November 12, 2008.
In a matrimonial action in which the parties were divorced by judgment dated February 20, 2001, the plaintiff father appeals, as limited by his brief, from so much of an order of the Supreme Court, Nassau County (Marber, J.), dated September 4, 2007, as granted that branch of the motion of the defendant mother which was to direct him to reimburse her for one half of the cost of sending their children to private school, and to find him to be in civil contempt for his willful failure to comply with certain provisions of the parties' stipulation of settlement.
Abrams, Fensterman, Fensterman, Eisman, Greenberg, Formato Einiger, LLP, Lake Success, N.Y. (Samuel J. Ferrara and Mitchell H. Levitin of counsel), for appellant.
Jeffrey S. Schecter Associates, P.C., Garden City, N.Y. (Bryce R. Levine of counsel), for respondent.
Before: Lifson, J.P., Santucci, Balkin and Belen, JJ.
Ordered that the order is affirmed insofar as appealed from, with costs.
The Supreme Court properly directed the father to reimburse the mother for one half of the cost of sending their children to private school.
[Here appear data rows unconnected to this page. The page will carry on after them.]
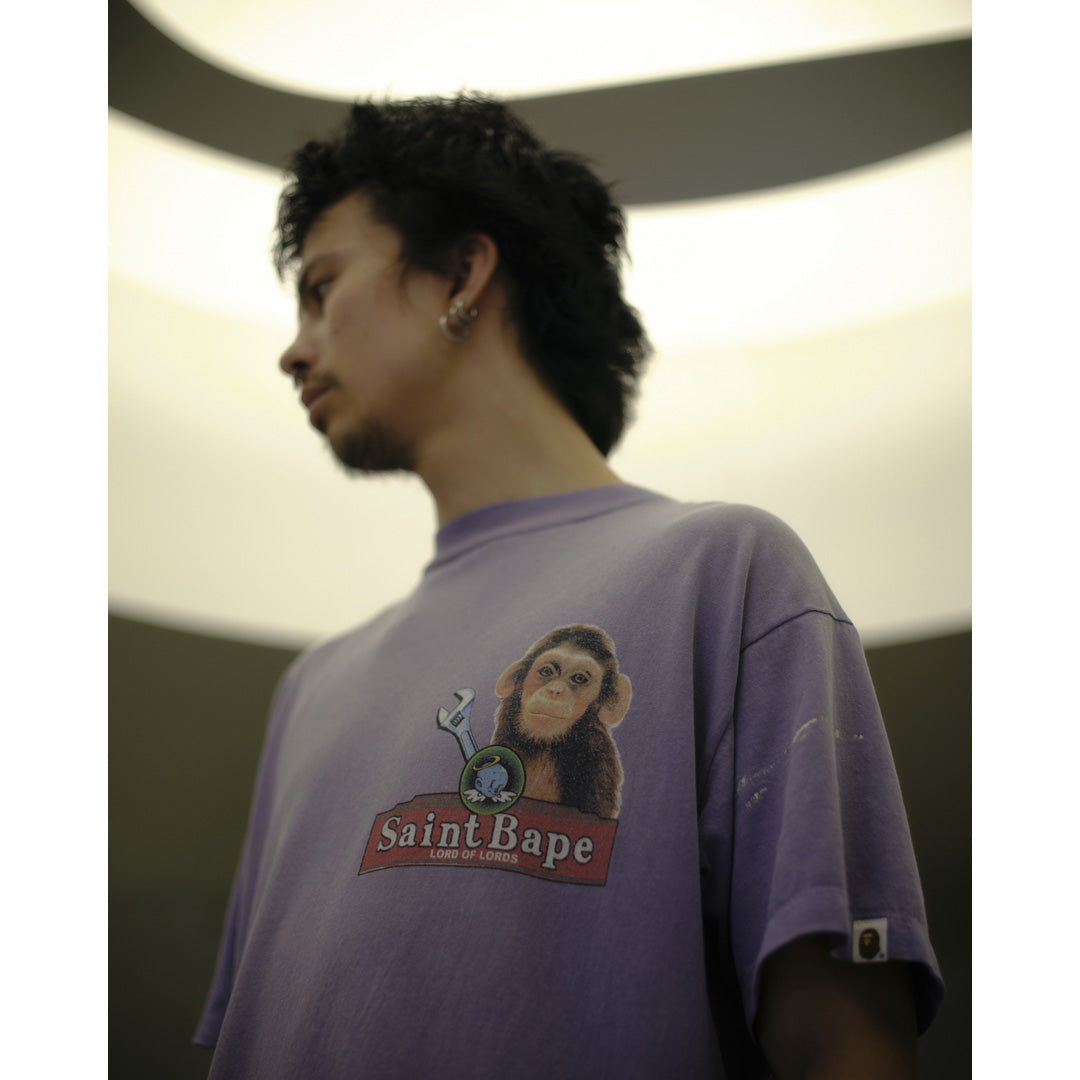 SAINT Mxxxxxx × BAPE® SS T-SHIRT HOUSE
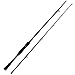 Entsport 2-Piece Spinning Rod Graphite Portable Spinning Fishing Rod Inshore Spinning Pole Freshwater Spin Rod (8-20-Pound Test) (7' Medium)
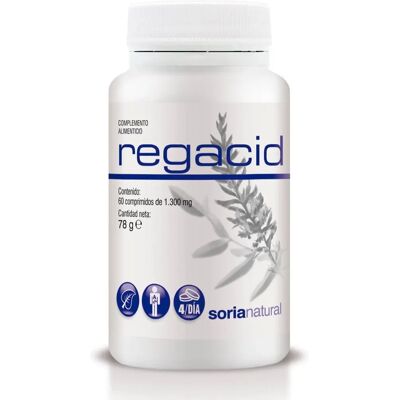 Soria Natural Regacid 1300mg - Säureneutralisator Soria Natural Regacid 1300mg - Säureneutralisator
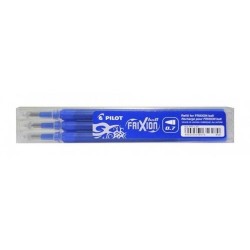 PILOT RECAMBIO BOLÍGRAFO FRIXION 0.7 AZUL PACK 3 UD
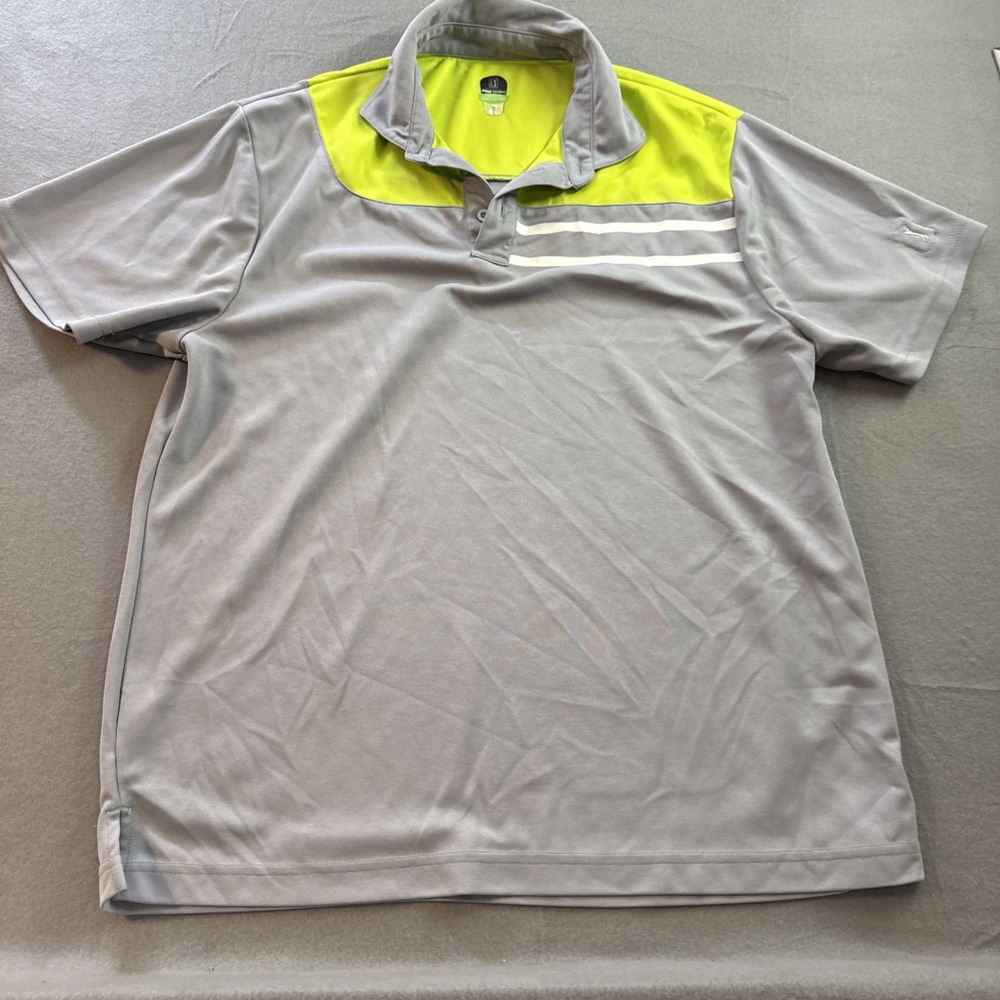 PGA Tour Polo Shirt Athletic Fit Large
The father clearly agreed to do so in the stipulation of settlement, which was incorporated but not merged into the judgment of divorce, and provides "[i]t is hereby understood and agreed by both parties that in the event the children shall attend private and/or parochial schools, each party shall be responsible for one-half of the expenses for such private schooling, including, but not limited to, tuition, room and board, registration fees, books, uniforms, transportation and related expenses."
Moreover, the Supreme Court properly found the father to be in civil contempt for his willful failure to comply with the provisions of the stipulation of settlement that entitled the mother to authorizations to communicate directly with the children's health insurance provider and the father's life insurance provider.